David W. Blight, a professor of American history at Yale and the director of the Gilder Lehrman Center for the Study of Slavery, Resistance and Abolition, will present “Monuments and Memories: Has the Civil War Ever Really Ended?” on Wednesday, April 25, at 7:30 p.m. in 201 Riley Hall at Linfield College.
In August of 2017, the proposed removal of a monument honoring Confederate General Robert E. Lee in Charlottesville, Va., spurred protestors to descend upon the city. One white supremacist rammed his car into a crowd, killing one person and injuring 19.
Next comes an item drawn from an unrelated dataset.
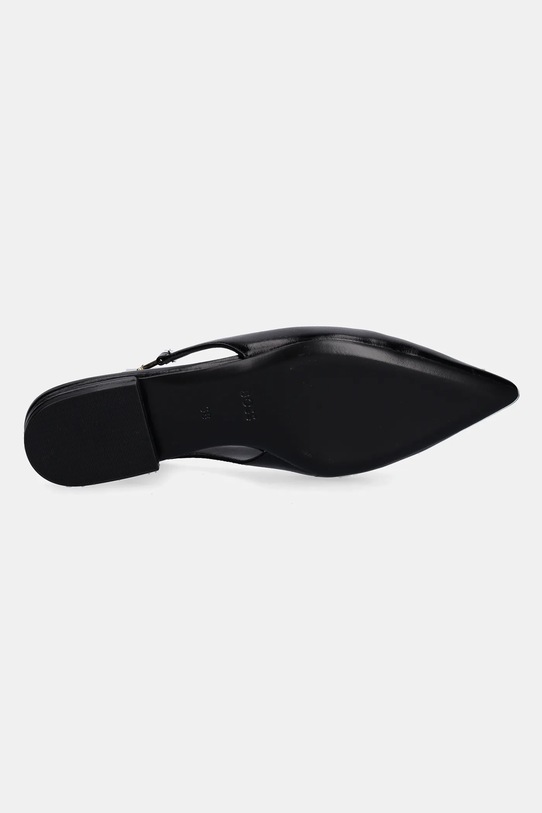 BOSS balerini de piele Gracey 50548586.001 negru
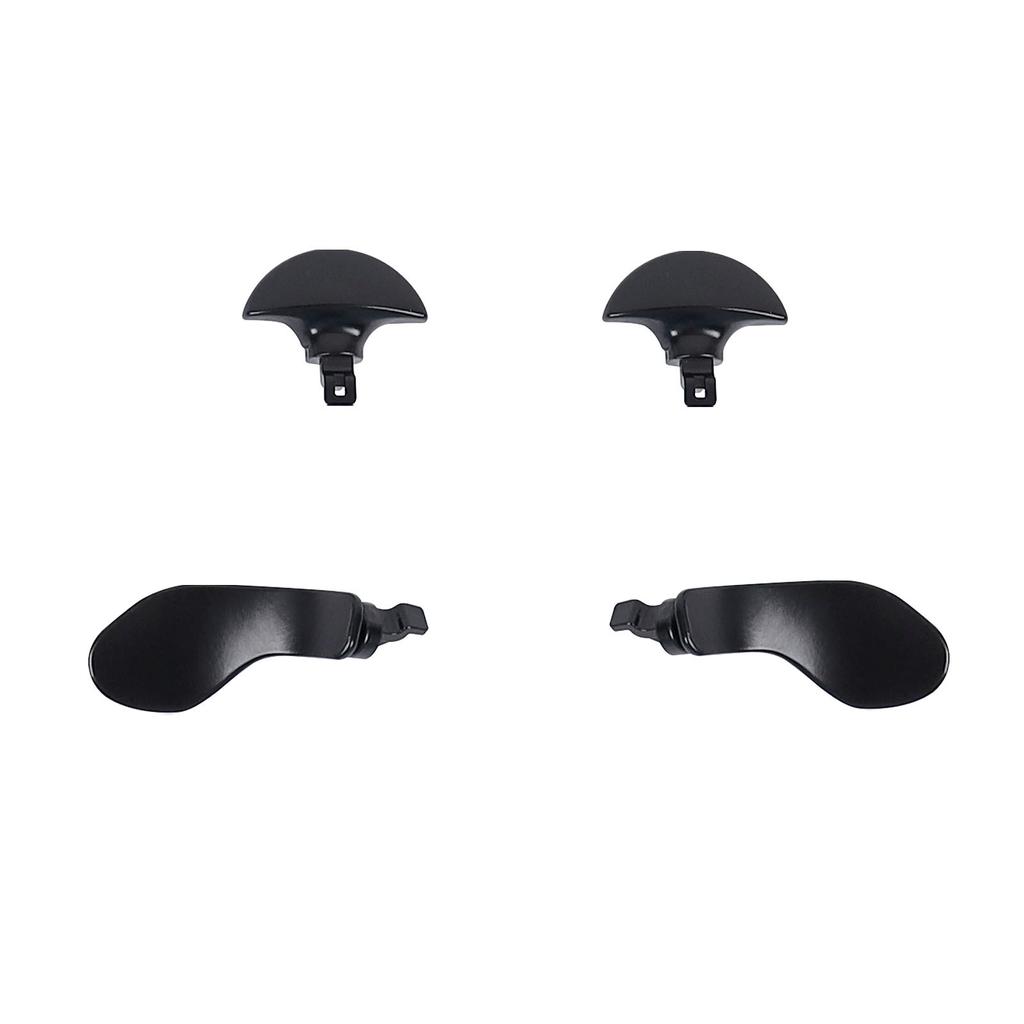 4 Pcs Back Paddles Replacement Rear Paddles for PS5 Dual Sense Edge Controller Rear Parts,Interchangeable Metal Rear for PS5 Dual Sense Controller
Since then, many cities have been questioning and removing their own Confederate monuments. Critics contend that the Confederacy fought to maintain slavery and white supremacy in the United States and shouldn’t be honored or commemorated; defenders argue that these monuments are about Southern pride, and that taking down these symbols erases American history. Blight will discuss Confederate monuments, and conflicting narratives around the Civil War, in his lecture.
“I first met David Blight at his seminar on slave narratives at Yale several summers ago; he is one of America’s greatest Civil War historians,” said Peter Buckingham, professor of history at Linfield College. “His thoughts on the monument controversy, including the terrible events at Charlottesville, will be most interesting.”
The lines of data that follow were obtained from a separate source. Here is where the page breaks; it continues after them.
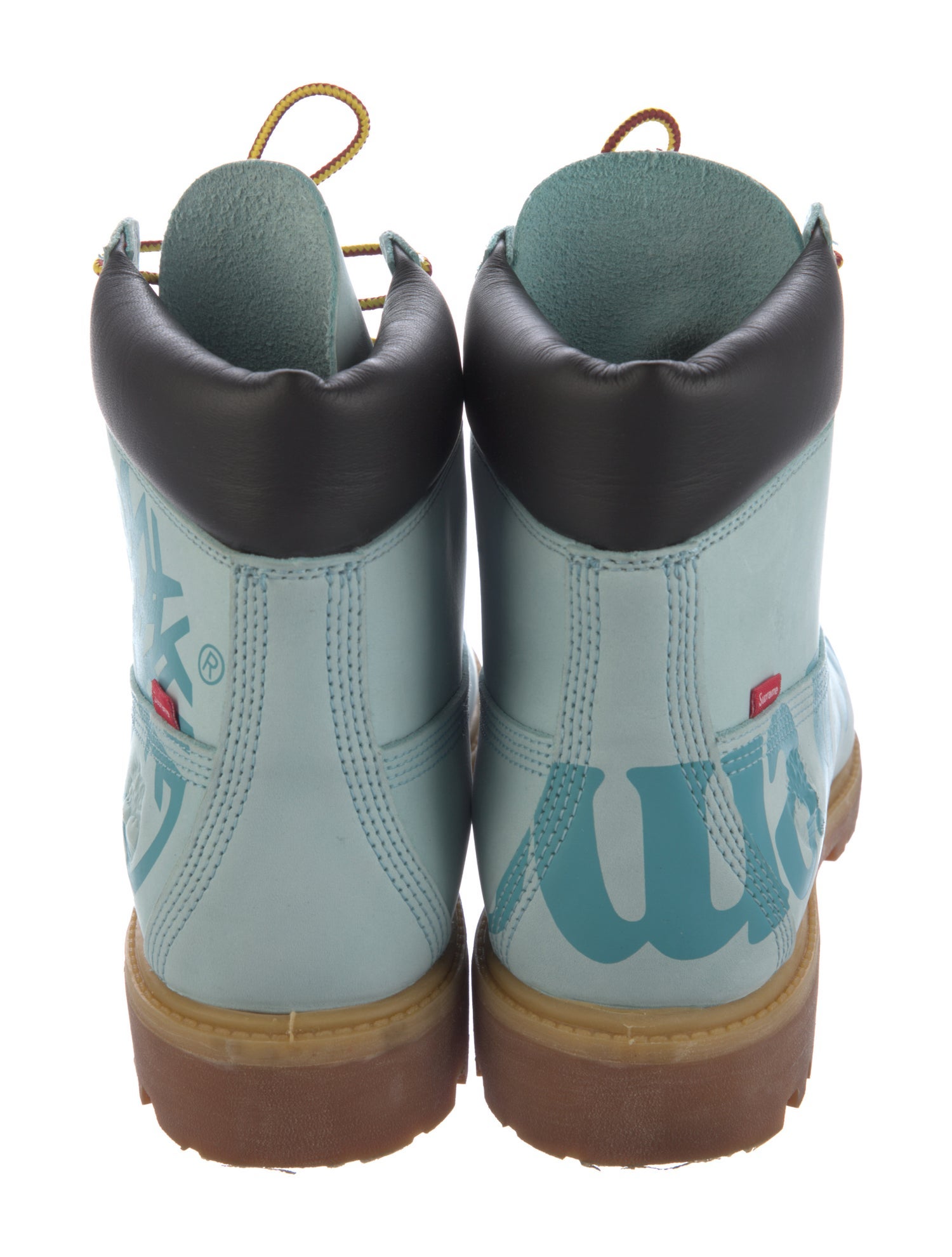 Supreme x Timberland 2020 Leather Lace-Up Boots - Blue Boots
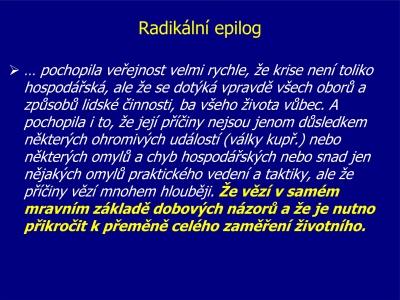 Radikln epilog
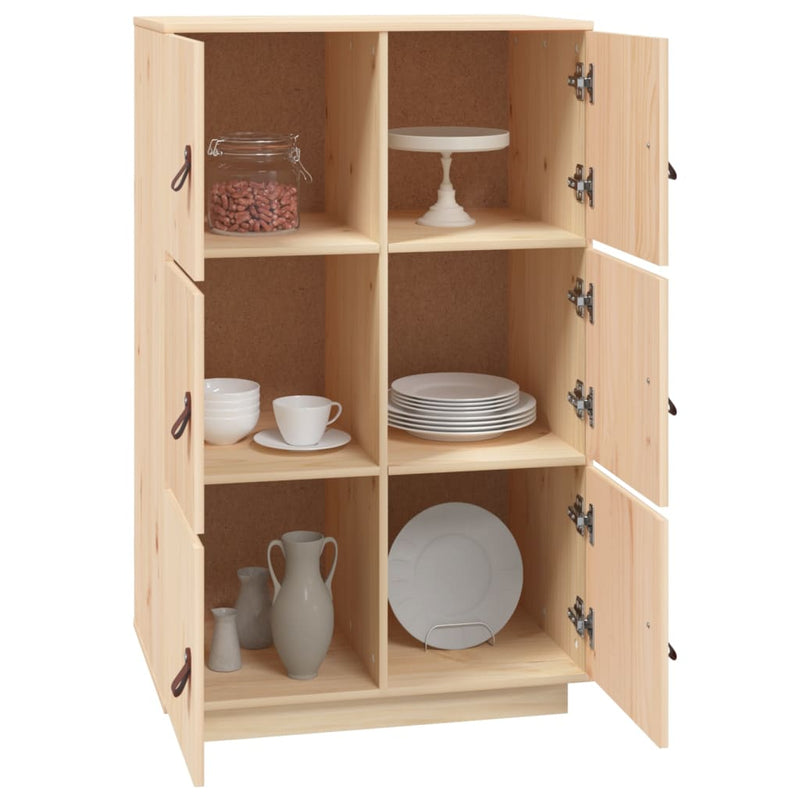 vidaXL Highboard 67x40x108.5 cm Solid Wood Pine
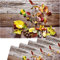 matches21 Herbstliche Tischsets Platzsets Motiv abwaschbar Blätter Laub Herbst Holzbrett Holz 6er Set 43,5x28,5 cm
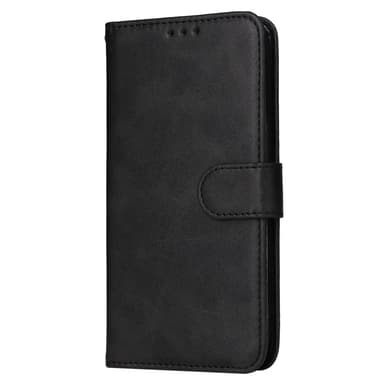 SKALO OnePlus 13R PU-läder Plånboksfodral - Svart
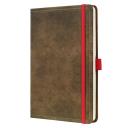 Manuscript book A/5 Conceptum lined 194 pages 80g 135x203x18 mm brown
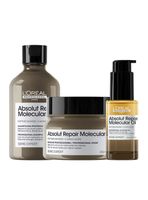 Set Profesional Reparación Profunda Shampoo + Máscara + Aceite Absolut Repair Molecular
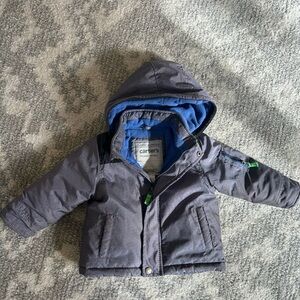 Carter's Blue and Gray snow coat winter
Blight is a teacher, scholar and public historian. As the director of the Gilder Lehrman Center at Yale, Blight organizes conferences, working groups, lectures, the administering of the annual Frederick Douglass Book Prize, and public outreach programs regarding the history of slavery and its abolition. Blight is also the author of “Race and Reunion: The Civil War in American Memory,” which received eight book awards, including the Bancroft Prize, the Abraham Lincoln Prize, and the Frederick Douglass Prize as well as four awards from the Organization of American Historians, including the Merle Curti prizes for both intellectual and social history. Other published works include “Beyond the Battlefield: Race, Memory, and the American Civil War,” and Frederick Douglass’s “Civil War: Keeping Faith in Jubilee.” He is currently writing a new, full biography of Frederick Douglass that will be published by Simon and Schuster in 2018.
This event is free and open to the public. It is sponsored by the Jonas A. “Steine” Jonasson Endowed Lecture that honors Jonasson, professor emeritus of history, who was associated with Linfield for more than 60 years before his death in 1997. The endowment is used to bring in distinguished scholars and speakers in the area of history. Jonasson held the unofficial title of Linfield historian and wrote “Bricks Without Straw,” a history of the college.